> [What the task requires] Could you transcribe all of the data exactly and skip any pictures?
+ + + + +
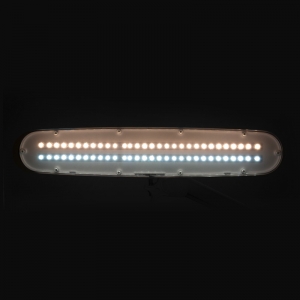 Elegant LED workshop lamp 801-tl with a reg. white light intensity and color (124718)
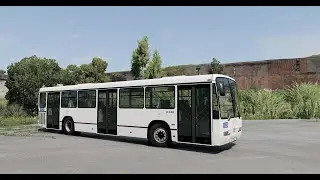 Beamng Drive | Realistic Mercedes-Benz Turk O345 CityBus ! [DOWNLOAD]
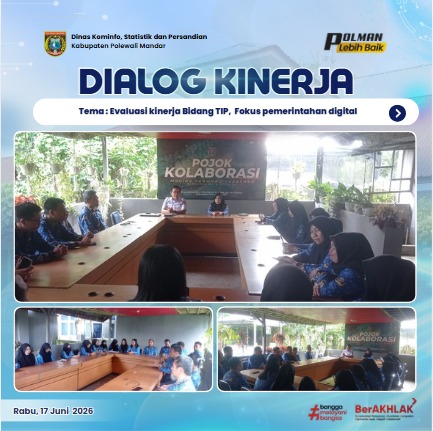 Dialog Kinerja Dinas Kominfo SP Rabu 17 Juni 2026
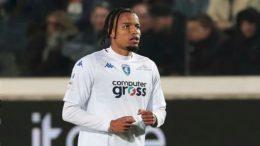 Tyronne Ebuehi scores as Empoli fall to narrow away defeat against Atalanta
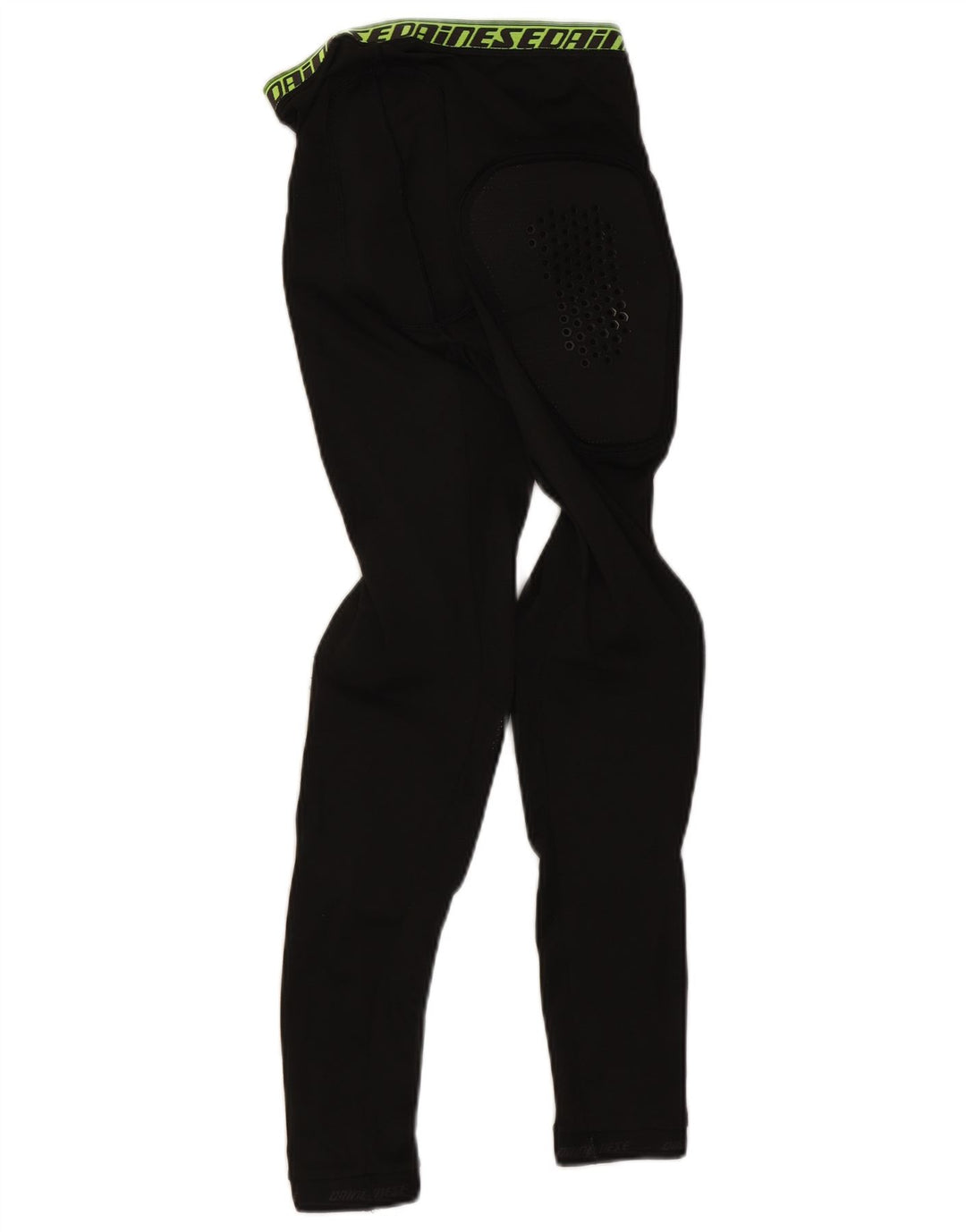 Leggings cu grafică moto Dainese pentru femei UK 8 Poliester negru mic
+ + + + +
> [Your response]
 Elegant LED workshop lamp 801-tl with a reg. white light intensity and color (124718)
 Beamng Drive | Realistic Mercedes-Benz Turk O345 CityBus ! [DOWNLOAD]
 Dialog Kinerja Dinas Kominfo SP Rabu 17 Juni 2026
 Tyronne Ebuehi scores as Empoli fall to narrow away defeat against Atalanta
 Leggings cu grafică moto Dainese pentru femei UK 8 Poliester negru mic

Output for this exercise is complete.